• Problem to solve: Repeat word for word the lines from the one containing "综合大楼建筑设计SU(草图大师)模型" to the end of the material below, and leave all pictures out.

• Input for this task:

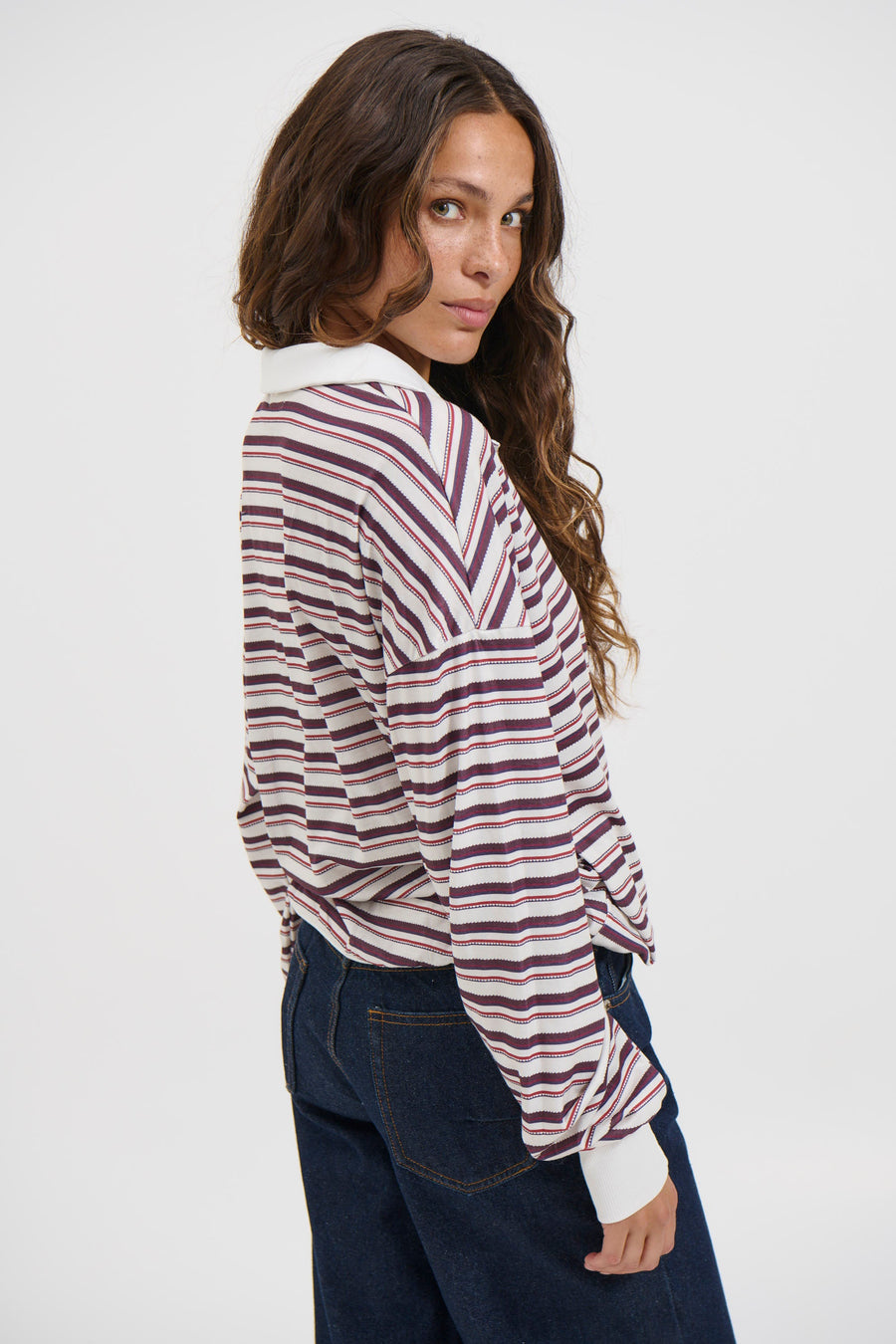 Wynter Rugby Sweater Berry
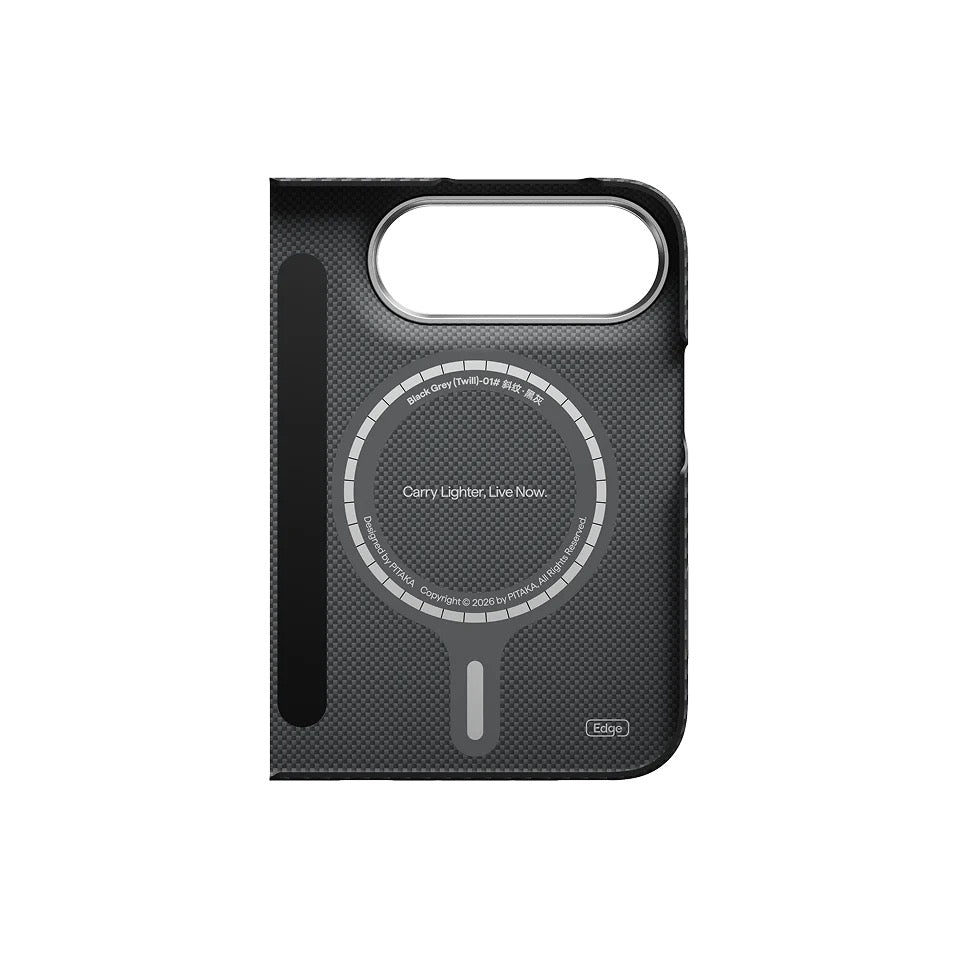 Kryt pro iPhone Duo Pitaka Edge Case (Kompletní sada) - černý/šedý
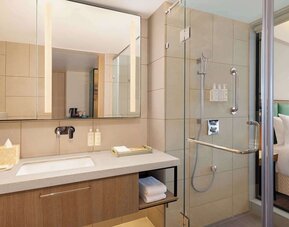 Day use room at Hilton Garden Inn Surat City Centre.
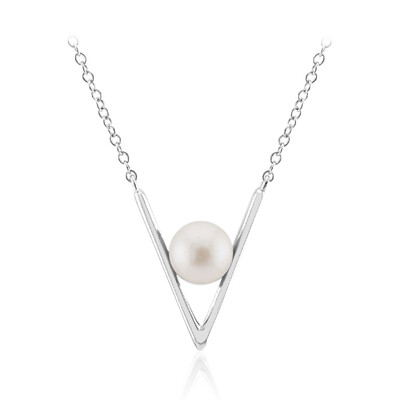 White Freshwater Pearl Silver Necklace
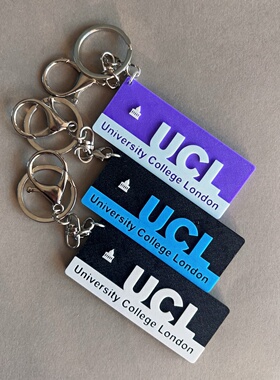ucl钥匙扣英国伦敦大学学院钥匙扣英国纪念品英国钥匙扣3D立体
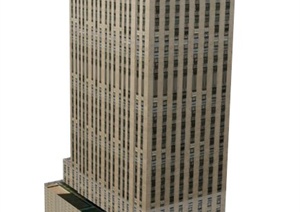 综合大楼建筑设计SU(草图大师)模型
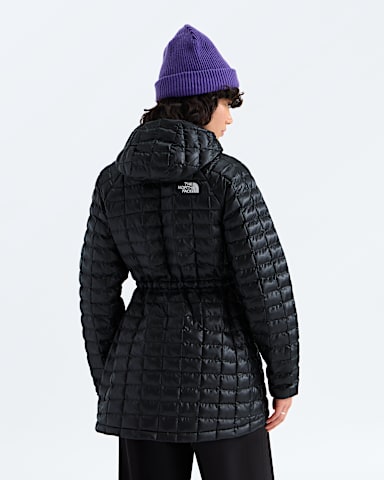 Womens THERMOBALL Hooded Parka TNF TNF BlackTNF Black BACK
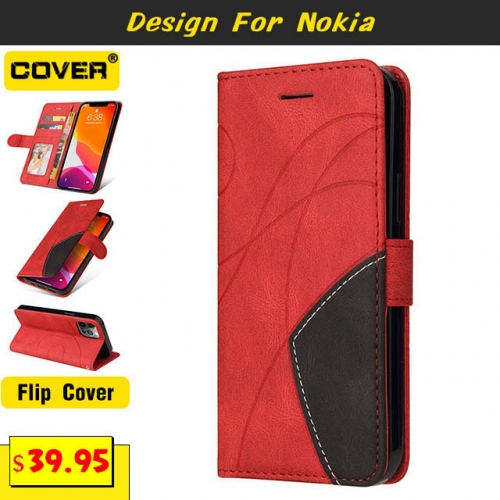Leather Wallet Case Cover For Nokia G50/G20/G10/5.4/3.4/X20
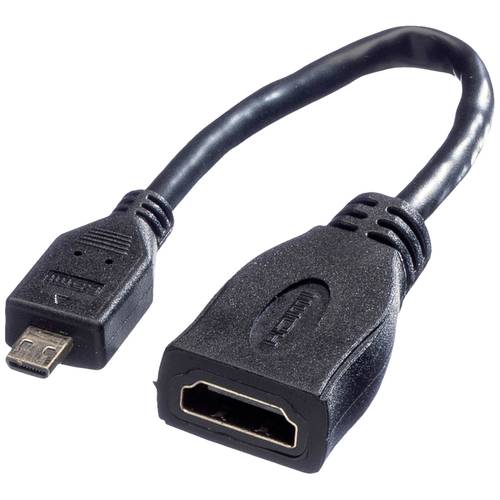 VALUE HDMI High Speed Kabel mit Ethernet, HDMI BU - Micro HDMI ST, 0,15 m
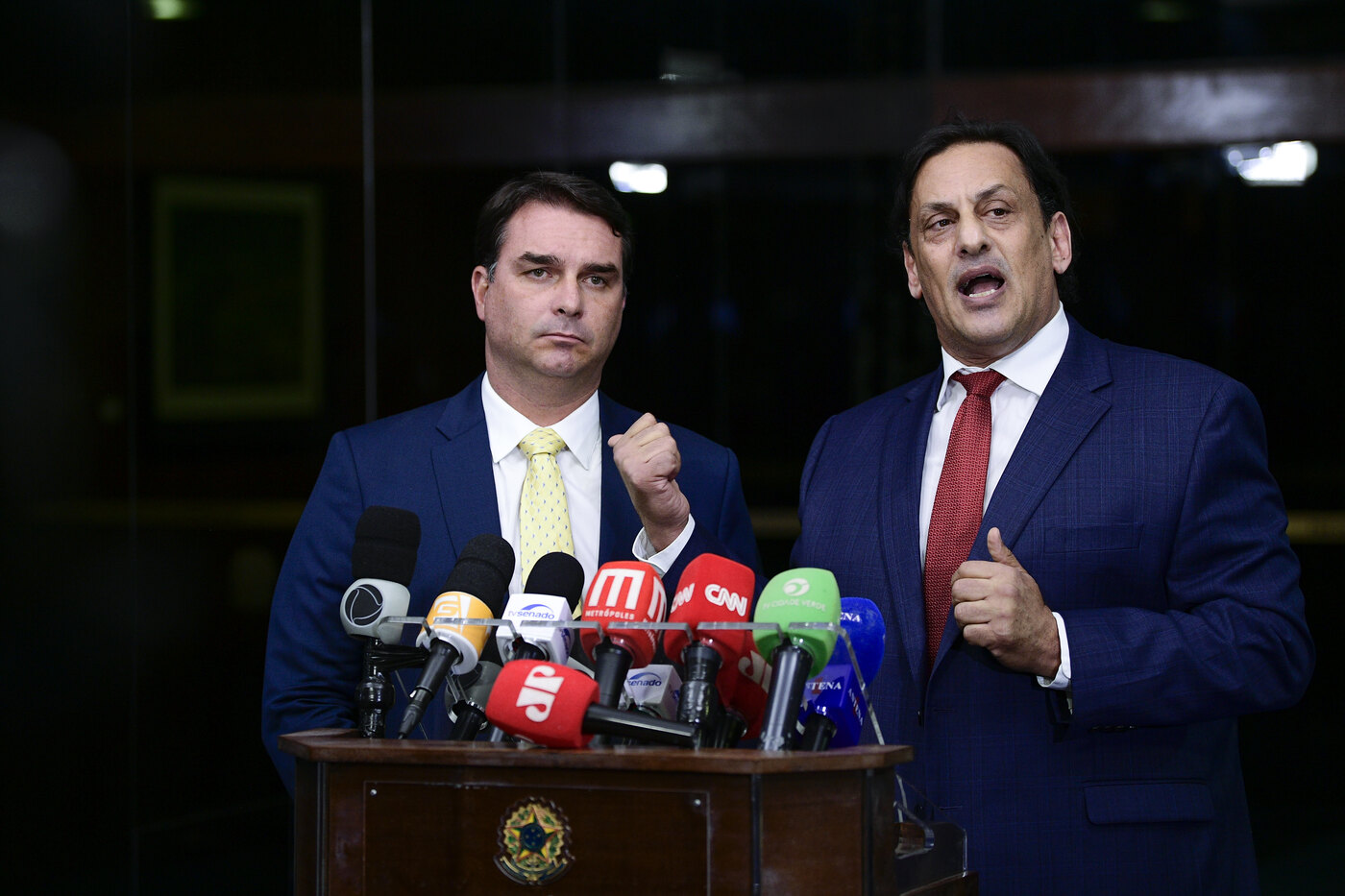 Debate presidencial da Globo é cancelado após ordens judiciais 2 Flávio Bolsonaro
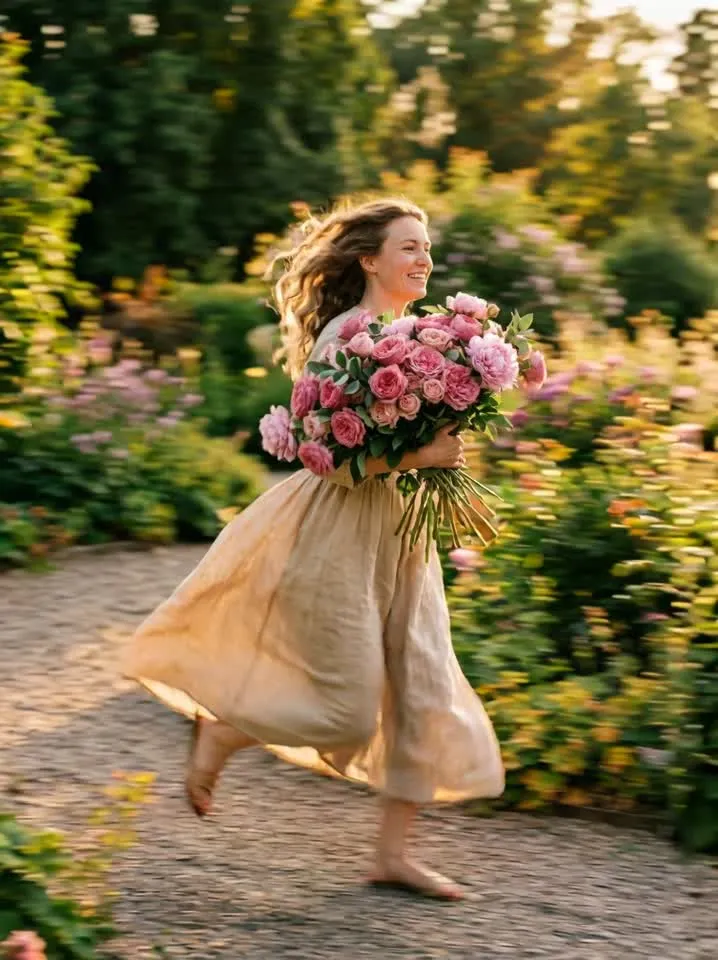 Garden bouquet dress editorial video
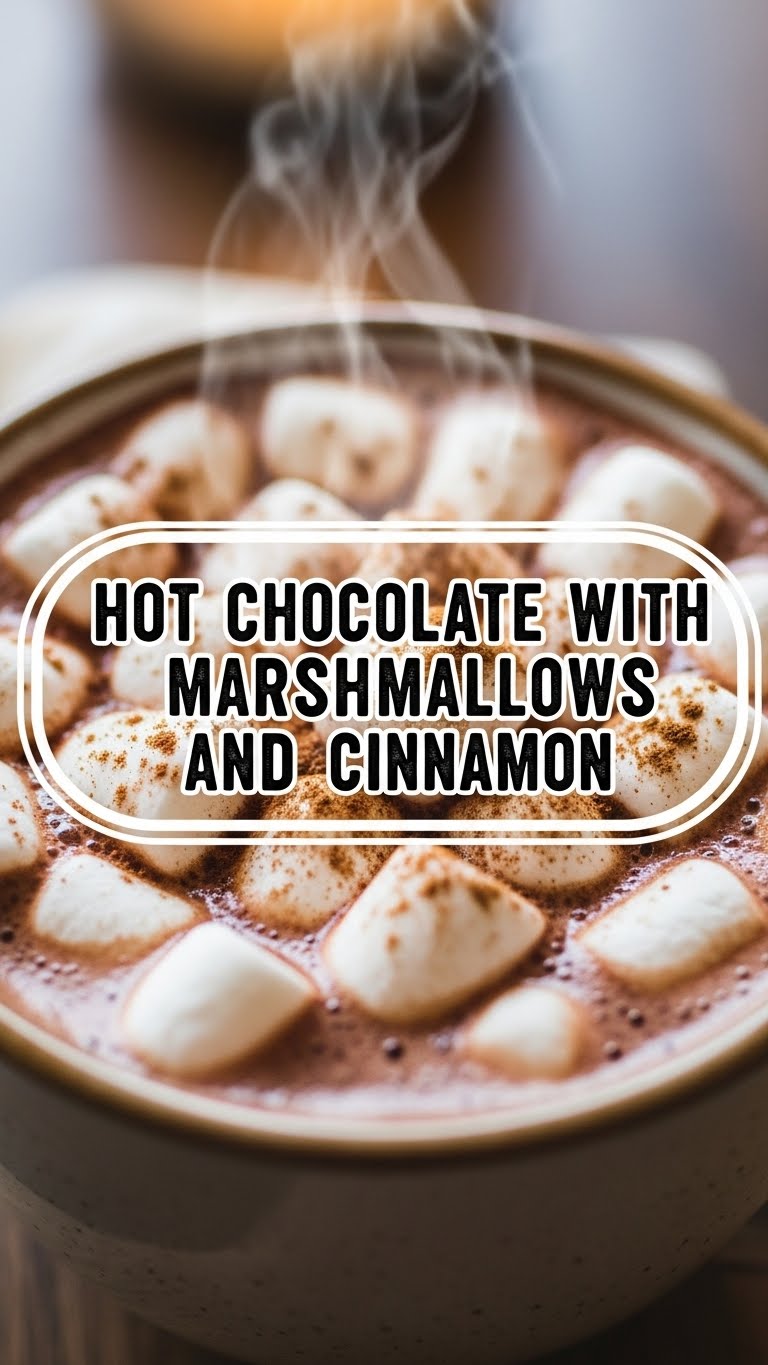 Hot Chocolate With Marshmallows And Cinnamon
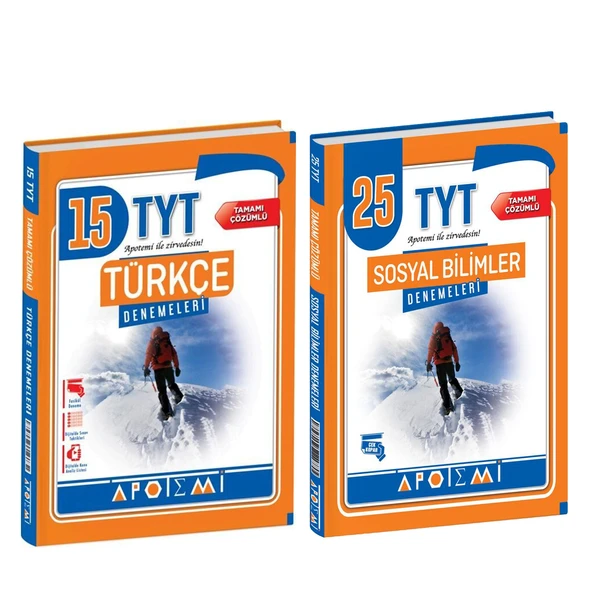 Apotemi Yayınları TYT Türkçe ve Sosyal Deneme Seti 2 Kitap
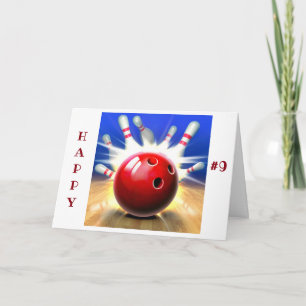 Tarjeta FELIZ ****Noveno CUMPLEAÑOS****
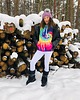 bluza z kapturem damska Damska Bluza z kapturem DR.CROW Tie Dye Blue 2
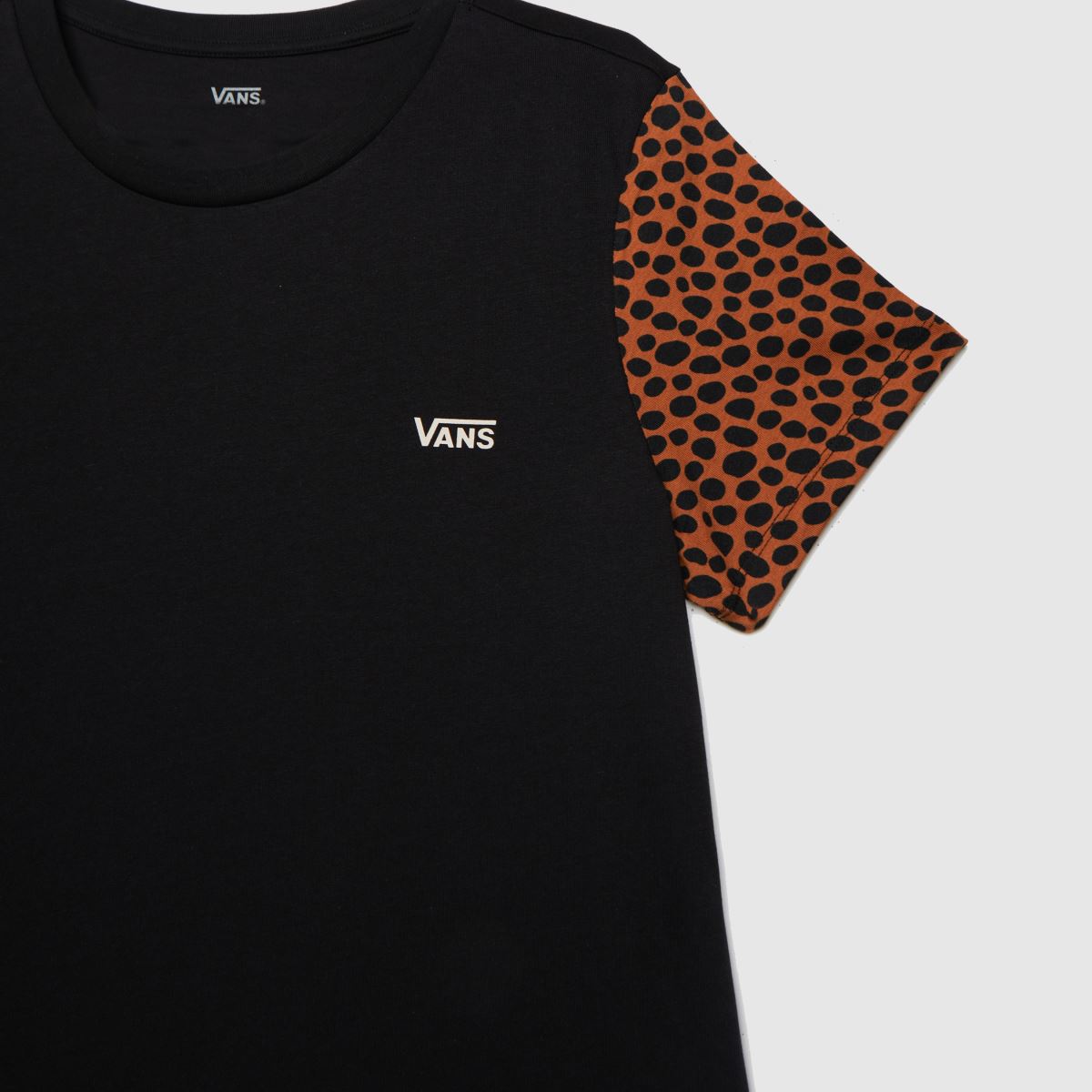 Vans – Svart t-shirt med vilda färgblock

• Result for this task:
 综合大楼建筑设计SU(草图大师)模型
 Womens THERMOBALL Hooded Parka TNF TNF BlackTNF Black BACK
Leather Wallet Case Cover For Nokia G50/G20/G10/5.4/3.4/X20
 VALUE HDMI High Speed Kabel mit Ethernet, HDMI BU - Micro HDMI ST, 0,15 m
 Debate presidencial da Globo é cancelado após ordens judiciais 2 Flávio Bolsonaro
 Garden bouquet dress editorial video
 Hot Chocolate With Marshmallows And Cinnamon
 Apotemi Yayınları TYT Türkçe ve Sosyal Deneme Seti 2 Kitap
 Tarjeta FELIZ ****Noveno CUMPLEAÑOS****
 bluza z kapturem damska Damska Bluza z kapturem DR.CROW Tie Dye Blue 2
 Vans – Svart t-shirt med vilda färgblock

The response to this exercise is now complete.